Would it make sense for the filter_get_vpns_list() funtion to look as the routing table instead and take networks which are routed over an ipsec (or other tunnel) interface?
Or maybe the original patch can look at interfaces rather than L3 networks?
(The routes are getting into the routing table via FRR/OSPF)
Updated by Marcos M over 1 year ago
- Status changed from Feedback to Resolved
I can confirm that the patch works correctly with both reassembly and filtering (FWIW the actual fix cannot be applied via a patch). From your description, it sounds like there may be a configuration issue which would need to be discussed separately (e.g. forums).
For reference, VTI phase 2 configurations use dedicated interfaces with their own scrub rules, hence the vpn_networks
table is not a factor. However, I wouldn't expect for disabled Phase2 entries to be included in the table, but that would be a separate issue report.
Updated by Marcos M over 1 year ago
- Subject changed from Fragmented packets received on a VTI are not forwarded to Reassembled packets received on a VTI are not forwarded
Updated by Christopher de Haas over 1 year ago
I would very much like to understand what I am missing here. The patch changes
- $scrubrules .= "scrub from any to <vpn_networks> {$maxmss} {$scrubnodf} {$fragreassemble}\n";
- $scrubrules .= "scrub from <vpn_networks> to any {$maxmss} {$scrubnodf} {$fragreassemble}\n";
to
+ $scrubrules .= "scrub in from any to <vpn_networks> {$maxmss} {$scrubnodf} {$fragreassemble}\n";
+ $scrubrules .= "scrub in from <vpn_networks> to any {$maxmss} {$scrubnodf} {$fragreassemble}\n";
In my rules.debug (23.05 with the patch applied) I have
scrub in from any to <vpn_networks> max-mss 1300 fragment reassemble
scrub in from <vpn_networks> to any max-mss 1300 fragment reassemble
Thus I can presumably conclude that the patch is applied. The change in scrub rules is very clearly dependent on <vpn_networks>. And what I am trying to say, is that the vpn_networks table is not correct. It does not include networks which are routed to via a VTI link, and that could not be, because those networks are not necessarily statically known. As far I as I understand the code, that is also evident when looking at the filter_get_vpns_list() function. Looking at my rules.debug, that also confirms that those networks are not in the table.

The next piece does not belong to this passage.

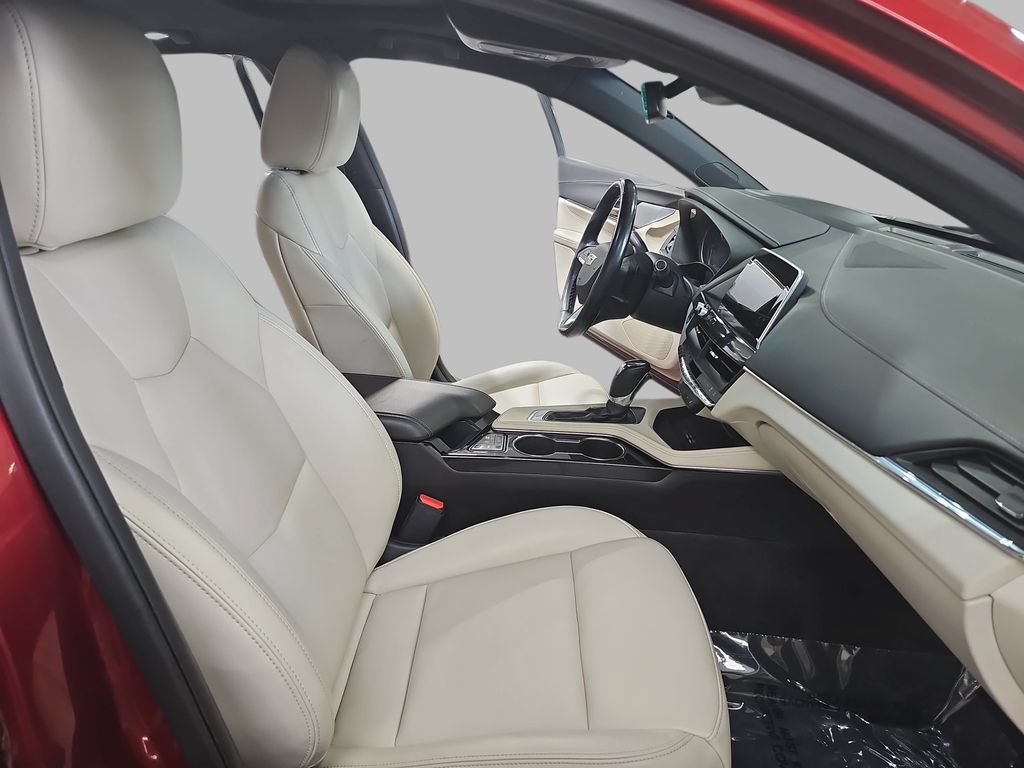 Used 2023 Cadillac CT4 Luxury w/ Sun And Sound Package AWD/4WD image 13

I get that the bug about including phase two networks for disabled phase one entries in the vpn_networks table is another issue. For this issue, it is only interesting, as that bug introduces a workaround in creating a disabled phase 1 with phase two entries for the remote site networks, thus having them become part of the vpn_networks table, and the patch behavior to be correct. But again, this is obviously not a viable solution.